▶ [What you are asked to do] In the records below, begin at the line containing "Desde LLA condenaron" and end at the line containing "Volkswagen Multivan - 30"; quote every line in that span exactly, including both boundary lines, and no others.

*** Block opens ***

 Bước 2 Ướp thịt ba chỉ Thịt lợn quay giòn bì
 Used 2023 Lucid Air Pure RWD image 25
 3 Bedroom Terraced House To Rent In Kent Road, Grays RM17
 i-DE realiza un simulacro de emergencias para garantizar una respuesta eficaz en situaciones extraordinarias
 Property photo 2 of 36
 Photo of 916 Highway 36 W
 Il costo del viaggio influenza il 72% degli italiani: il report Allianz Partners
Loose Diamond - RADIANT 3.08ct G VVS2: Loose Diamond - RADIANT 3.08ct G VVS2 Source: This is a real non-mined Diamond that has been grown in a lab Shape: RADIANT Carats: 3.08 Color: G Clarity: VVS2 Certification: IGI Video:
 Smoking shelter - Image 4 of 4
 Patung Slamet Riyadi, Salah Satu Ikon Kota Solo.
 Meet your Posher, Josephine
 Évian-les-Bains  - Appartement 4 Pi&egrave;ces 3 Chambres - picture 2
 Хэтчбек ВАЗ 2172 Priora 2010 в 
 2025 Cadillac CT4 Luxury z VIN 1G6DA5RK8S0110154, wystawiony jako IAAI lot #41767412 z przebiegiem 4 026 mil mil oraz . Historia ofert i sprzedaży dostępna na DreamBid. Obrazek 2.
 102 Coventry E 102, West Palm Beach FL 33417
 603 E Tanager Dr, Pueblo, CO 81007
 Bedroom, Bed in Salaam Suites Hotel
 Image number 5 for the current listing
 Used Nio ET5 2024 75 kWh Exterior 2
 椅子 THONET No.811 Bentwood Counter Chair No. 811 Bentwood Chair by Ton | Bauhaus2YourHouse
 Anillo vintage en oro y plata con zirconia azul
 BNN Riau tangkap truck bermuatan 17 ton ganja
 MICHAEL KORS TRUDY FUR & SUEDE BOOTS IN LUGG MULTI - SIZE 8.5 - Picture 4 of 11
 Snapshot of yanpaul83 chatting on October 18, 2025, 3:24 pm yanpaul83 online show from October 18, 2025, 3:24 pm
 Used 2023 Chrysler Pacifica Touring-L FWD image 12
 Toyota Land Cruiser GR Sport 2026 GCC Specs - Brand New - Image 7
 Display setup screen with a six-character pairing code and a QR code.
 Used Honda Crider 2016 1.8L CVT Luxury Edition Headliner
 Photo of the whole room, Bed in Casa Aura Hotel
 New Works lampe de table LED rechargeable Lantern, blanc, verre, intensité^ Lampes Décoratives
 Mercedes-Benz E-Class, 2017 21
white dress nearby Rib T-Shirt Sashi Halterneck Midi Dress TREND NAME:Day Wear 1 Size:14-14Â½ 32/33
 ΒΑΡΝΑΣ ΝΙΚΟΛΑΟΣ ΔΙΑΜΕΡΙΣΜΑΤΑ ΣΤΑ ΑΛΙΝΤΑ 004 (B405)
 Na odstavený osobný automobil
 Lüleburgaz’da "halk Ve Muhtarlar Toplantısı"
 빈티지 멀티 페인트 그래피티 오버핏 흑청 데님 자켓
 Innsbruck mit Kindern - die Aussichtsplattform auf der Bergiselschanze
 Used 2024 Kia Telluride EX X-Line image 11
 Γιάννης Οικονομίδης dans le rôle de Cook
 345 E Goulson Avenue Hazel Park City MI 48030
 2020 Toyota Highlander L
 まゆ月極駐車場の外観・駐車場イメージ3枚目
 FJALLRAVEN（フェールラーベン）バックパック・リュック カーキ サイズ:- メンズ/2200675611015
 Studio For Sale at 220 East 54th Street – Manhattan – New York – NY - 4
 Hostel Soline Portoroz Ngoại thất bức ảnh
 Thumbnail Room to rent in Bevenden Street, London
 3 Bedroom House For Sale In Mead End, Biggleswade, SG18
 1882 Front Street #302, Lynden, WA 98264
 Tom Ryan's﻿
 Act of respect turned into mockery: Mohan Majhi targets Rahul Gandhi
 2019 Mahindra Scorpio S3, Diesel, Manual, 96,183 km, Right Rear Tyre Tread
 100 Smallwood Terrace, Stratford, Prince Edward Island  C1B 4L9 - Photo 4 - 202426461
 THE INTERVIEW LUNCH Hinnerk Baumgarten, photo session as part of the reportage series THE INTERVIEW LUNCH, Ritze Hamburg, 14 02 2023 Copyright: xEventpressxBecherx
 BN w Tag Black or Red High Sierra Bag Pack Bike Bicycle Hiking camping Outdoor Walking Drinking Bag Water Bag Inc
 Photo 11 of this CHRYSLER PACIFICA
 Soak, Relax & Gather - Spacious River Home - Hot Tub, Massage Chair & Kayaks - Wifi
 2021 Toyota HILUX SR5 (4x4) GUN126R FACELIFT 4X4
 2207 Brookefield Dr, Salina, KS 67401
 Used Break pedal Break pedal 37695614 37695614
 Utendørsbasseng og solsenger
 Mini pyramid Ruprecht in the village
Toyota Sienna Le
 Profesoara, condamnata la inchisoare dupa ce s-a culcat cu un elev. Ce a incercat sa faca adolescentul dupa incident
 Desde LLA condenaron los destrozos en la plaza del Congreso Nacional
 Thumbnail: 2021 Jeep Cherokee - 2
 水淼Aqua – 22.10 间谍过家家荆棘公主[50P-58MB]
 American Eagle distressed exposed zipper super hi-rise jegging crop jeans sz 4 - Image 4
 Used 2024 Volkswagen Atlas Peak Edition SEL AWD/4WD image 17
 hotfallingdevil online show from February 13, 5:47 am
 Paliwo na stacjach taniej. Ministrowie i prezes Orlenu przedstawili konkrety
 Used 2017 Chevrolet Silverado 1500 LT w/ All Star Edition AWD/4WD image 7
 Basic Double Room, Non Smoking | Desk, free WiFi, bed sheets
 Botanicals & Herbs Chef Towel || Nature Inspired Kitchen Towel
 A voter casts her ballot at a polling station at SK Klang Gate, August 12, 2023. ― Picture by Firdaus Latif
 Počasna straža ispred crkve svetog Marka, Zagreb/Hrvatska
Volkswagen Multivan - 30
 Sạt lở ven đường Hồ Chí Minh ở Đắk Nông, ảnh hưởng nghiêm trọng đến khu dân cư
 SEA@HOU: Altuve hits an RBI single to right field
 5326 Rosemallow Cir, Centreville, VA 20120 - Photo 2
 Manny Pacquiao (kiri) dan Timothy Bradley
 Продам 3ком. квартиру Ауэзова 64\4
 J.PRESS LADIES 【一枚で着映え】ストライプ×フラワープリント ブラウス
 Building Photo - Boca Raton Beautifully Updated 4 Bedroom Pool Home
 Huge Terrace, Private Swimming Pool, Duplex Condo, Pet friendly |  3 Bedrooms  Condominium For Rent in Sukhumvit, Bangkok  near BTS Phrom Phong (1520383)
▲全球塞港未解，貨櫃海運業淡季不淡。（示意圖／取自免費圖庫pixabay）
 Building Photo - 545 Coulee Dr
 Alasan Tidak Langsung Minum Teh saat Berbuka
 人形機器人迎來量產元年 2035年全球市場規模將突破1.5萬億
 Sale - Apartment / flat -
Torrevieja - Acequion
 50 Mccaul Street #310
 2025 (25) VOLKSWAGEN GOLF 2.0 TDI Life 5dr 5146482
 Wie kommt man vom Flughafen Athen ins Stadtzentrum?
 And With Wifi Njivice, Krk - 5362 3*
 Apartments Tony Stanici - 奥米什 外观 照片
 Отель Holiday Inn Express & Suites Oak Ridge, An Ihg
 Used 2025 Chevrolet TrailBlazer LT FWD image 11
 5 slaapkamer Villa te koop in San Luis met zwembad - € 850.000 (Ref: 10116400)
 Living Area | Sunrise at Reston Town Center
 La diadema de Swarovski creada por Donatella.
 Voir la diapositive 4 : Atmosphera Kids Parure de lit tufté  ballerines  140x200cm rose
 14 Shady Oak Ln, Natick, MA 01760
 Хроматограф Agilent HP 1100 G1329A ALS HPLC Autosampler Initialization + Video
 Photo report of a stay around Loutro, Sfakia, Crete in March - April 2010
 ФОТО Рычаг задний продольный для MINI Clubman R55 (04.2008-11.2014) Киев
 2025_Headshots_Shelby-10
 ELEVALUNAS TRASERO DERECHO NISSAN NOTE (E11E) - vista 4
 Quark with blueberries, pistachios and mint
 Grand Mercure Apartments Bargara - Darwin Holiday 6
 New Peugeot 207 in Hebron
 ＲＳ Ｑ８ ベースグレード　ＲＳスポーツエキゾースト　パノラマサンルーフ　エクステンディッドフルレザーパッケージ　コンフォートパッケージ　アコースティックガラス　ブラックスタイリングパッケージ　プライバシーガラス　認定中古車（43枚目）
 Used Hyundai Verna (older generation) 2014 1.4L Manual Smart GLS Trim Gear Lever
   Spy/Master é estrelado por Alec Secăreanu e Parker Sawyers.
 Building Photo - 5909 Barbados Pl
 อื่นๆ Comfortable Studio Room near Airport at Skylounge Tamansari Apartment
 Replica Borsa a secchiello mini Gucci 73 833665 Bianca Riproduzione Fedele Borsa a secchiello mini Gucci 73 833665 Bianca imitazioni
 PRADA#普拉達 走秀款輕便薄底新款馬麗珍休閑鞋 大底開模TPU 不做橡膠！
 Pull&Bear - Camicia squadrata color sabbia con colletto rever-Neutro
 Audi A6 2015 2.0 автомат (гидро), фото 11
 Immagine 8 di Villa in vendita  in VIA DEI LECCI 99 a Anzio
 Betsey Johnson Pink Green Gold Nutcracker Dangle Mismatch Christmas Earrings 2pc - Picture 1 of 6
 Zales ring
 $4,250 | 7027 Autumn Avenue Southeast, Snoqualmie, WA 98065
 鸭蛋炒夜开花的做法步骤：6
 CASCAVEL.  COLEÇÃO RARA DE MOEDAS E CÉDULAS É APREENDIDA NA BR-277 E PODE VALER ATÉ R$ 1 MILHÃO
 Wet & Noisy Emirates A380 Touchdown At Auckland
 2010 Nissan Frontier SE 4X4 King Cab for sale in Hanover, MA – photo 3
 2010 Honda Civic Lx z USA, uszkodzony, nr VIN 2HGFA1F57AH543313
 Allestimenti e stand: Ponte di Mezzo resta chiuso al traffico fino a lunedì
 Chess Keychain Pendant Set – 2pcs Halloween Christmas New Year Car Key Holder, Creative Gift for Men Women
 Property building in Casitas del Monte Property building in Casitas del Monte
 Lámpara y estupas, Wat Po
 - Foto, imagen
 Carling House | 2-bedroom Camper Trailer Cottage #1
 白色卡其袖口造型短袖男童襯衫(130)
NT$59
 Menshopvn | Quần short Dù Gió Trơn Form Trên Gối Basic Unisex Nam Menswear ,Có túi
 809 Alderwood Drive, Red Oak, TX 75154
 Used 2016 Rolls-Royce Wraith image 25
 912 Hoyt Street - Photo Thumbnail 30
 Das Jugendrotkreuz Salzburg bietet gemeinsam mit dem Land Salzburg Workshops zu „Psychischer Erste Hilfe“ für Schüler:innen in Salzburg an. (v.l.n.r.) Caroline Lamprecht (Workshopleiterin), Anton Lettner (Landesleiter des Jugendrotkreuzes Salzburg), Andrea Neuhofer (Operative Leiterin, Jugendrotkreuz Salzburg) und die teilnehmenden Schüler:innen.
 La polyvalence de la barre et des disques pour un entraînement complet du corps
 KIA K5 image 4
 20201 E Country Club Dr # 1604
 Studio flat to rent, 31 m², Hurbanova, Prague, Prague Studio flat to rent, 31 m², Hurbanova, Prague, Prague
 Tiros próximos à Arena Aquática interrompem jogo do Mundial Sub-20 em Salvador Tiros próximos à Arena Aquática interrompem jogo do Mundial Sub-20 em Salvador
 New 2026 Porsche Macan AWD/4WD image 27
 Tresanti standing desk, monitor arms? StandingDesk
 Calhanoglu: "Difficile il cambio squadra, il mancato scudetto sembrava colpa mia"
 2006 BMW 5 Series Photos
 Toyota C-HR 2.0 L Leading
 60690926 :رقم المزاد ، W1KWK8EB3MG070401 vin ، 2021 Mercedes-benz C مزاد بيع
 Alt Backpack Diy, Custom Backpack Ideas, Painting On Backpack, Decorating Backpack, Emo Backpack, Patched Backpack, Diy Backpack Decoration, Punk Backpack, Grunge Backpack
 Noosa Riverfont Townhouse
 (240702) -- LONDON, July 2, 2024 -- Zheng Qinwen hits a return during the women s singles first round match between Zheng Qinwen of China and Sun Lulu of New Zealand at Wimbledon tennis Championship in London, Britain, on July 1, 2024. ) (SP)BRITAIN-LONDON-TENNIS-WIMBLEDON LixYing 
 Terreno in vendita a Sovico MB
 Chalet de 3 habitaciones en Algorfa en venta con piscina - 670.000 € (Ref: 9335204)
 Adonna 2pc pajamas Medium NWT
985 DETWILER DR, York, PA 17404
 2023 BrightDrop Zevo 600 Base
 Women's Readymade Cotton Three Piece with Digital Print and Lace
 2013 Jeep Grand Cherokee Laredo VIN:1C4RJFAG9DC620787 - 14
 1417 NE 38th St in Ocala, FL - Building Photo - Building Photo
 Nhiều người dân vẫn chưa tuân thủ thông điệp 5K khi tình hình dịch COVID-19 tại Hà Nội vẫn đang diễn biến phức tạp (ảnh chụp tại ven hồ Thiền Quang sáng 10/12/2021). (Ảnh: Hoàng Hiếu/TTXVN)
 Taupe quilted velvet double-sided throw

*** Block closes ***

▶ [Written response]
 Desde LLA condenaron los destrozos en la plaza del Congreso Nacional
 Thumbnail: 2021 Jeep Cherokee - 2
 水淼Aqua – 22.10 间谍过家家荆棘公主[50P-58MB]
 American Eagle distressed exposed zipper super hi-rise jegging crop jeans sz 4 - Image 4
 Used 2024 Volkswagen Atlas Peak Edition SEL AWD/4WD image 17
 hotfallingdevil online show from February 13, 5:47 am
 Paliwo na stacjach taniej. Ministrowie i prezes Orlenu przedstawili konkrety
 Used 2017 Chevrolet Silverado 1500 LT w/ All Star Edition AWD/4WD image 7
 Basic Double Room, Non Smoking | Desk, free WiFi, bed sheets
 Botanicals & Herbs Chef Towel || Nature Inspired Kitchen Towel
 A voter casts her ballot at a polling station at SK Klang Gate, August 12, 2023. ― Picture by Firdaus Latif
 Počasna straža ispred crkve svetog Marka, Zagreb/Hrvatska
Volkswagen Multivan - 30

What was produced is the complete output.